Some errors, usually called mistakes, occur because someone does not know what to do. The intention is wrong. The obvious method of prevention is to improve training or instructions but before doing so we should see if the task can be simplified.

The accident at Three Mile Island in 1979 had many causes and many lessons can be drawn from it, but some of the most important ones are concerned with the human factors. In particular, the training the operators received had not equipped them to deal with the events that occurred.

Other errors occur because someone knows what to do but decides not to do it. They are usually called violations or non-compliances. To prevent them we have to persuade people to follow instructions and accepted good practice, as we do not live in a society in which people will follow them unthinkingly. If the task is difficult we should see if it can be made simpler. While people sometimes break the rules in order to make the task easier, very often they genuinely believe that a departure from the rules, or the usual practice, is justified. In fact, if the rules are wrong, violations can prevent an accident. Also, there is a fuzzy border between violations and initiative: what is called a violation if it fails may be praised as initiative if it succeeds.

Finally, a few errors (mismatches) occur because the task is beyond the physical or mental ability of the person asked to do it, in many cases beyond anyone’s ability. The best method of prevention is to change the design or method of working though sometimes someone else may have to be asked to carry out the task.

Note that managers and designers usually have time to check their work and discover any slips and lapses of attention they may have had but they can and do make the other sorts of error.

The Table below summarises the four sorts of error and the actions needed to prevent them happening again. There are other ways of classifying accidents but this one points us towards the actions needed to prevent them.

Human weakness

Browsing through old ICI files I came across a report dating from the late 1920s in which one of the company’s first safety officers announced a new discovery: after reading many accident reports he had realised that most accidents are due to human failing. The remedy was obvious. We must persuade people to take more care.

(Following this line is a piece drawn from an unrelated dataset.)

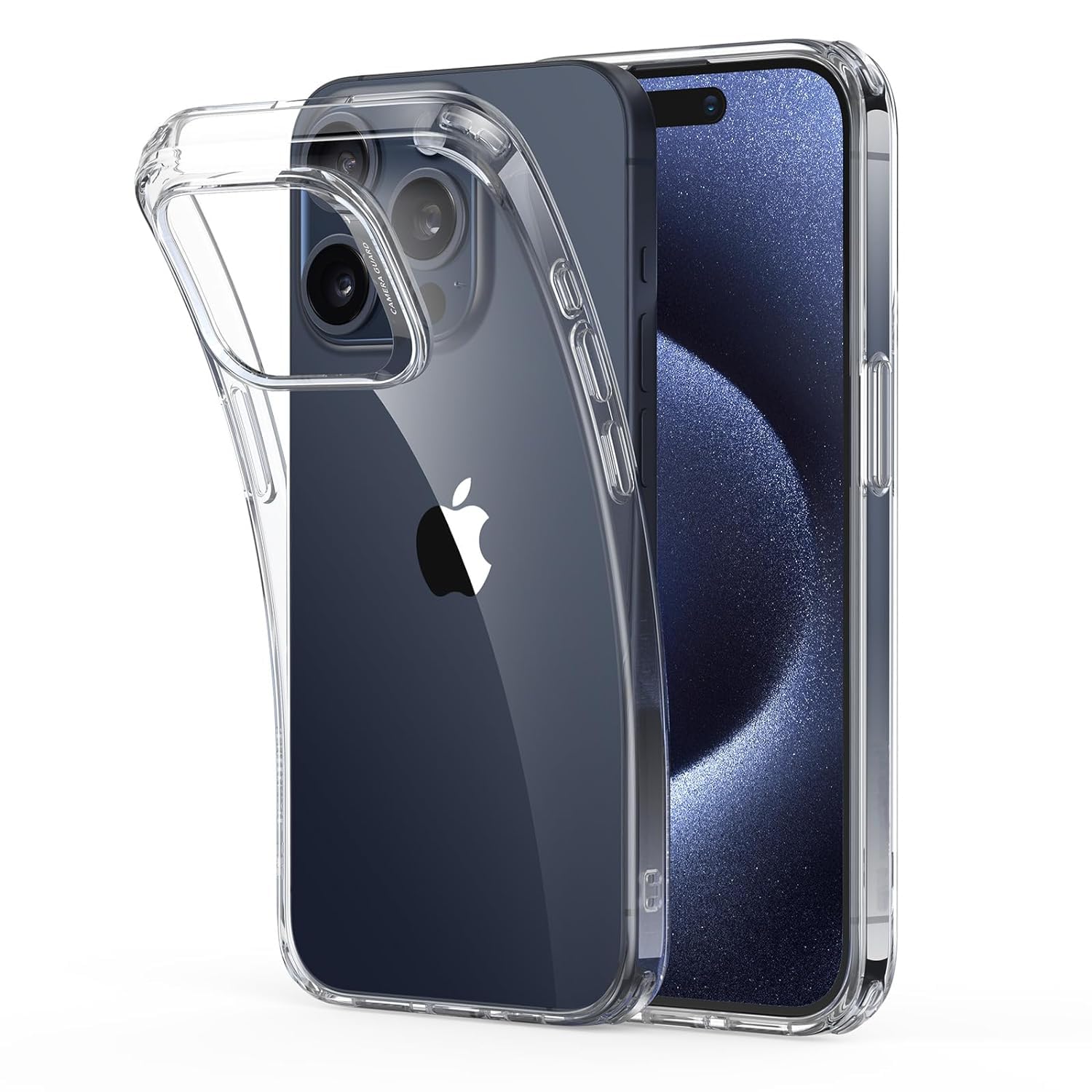 Designed for Apple iPhone 15 Pro Back Cover Clear Case (6.1 inch) - Transparent, Soft Flexible TPU, Shockproof, Camera Bump, Clear and Military-Grade Drop Protection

Since then people have been exhorted to do just this, and this policy has been supported by tables of accident statistics from many companies which show that over 50%, sometimes as many as 90%, of industrial accidents are due to human failing, meaning by that the failing of the injured man or a fellow-worker. (Managers and designers, it seems, are not human or do not fail.) This is comforting for managers. It implies that there is little or nothing they can do to stop most accidents.

People should not be blamed for behaving as most people would behave. If we consider separately the various types of human error summarised in the Table, there is no place for blaming the operator if the error is due to a slip or lapse of attention, to lack of training or instructions or to lack of ability. (Sometimes the employer could have provided a better system of work, or better training or instructions, or employed a more competent person; but before we blame the employer we should ask if he or she had been adequately trained.) Blame is relevant only when the person concerned has a choice. Even here, the violation may have occurred because the rules were not clear, or the reasons for them had not been explained, or someone turned a blind eye when they were broken in the past.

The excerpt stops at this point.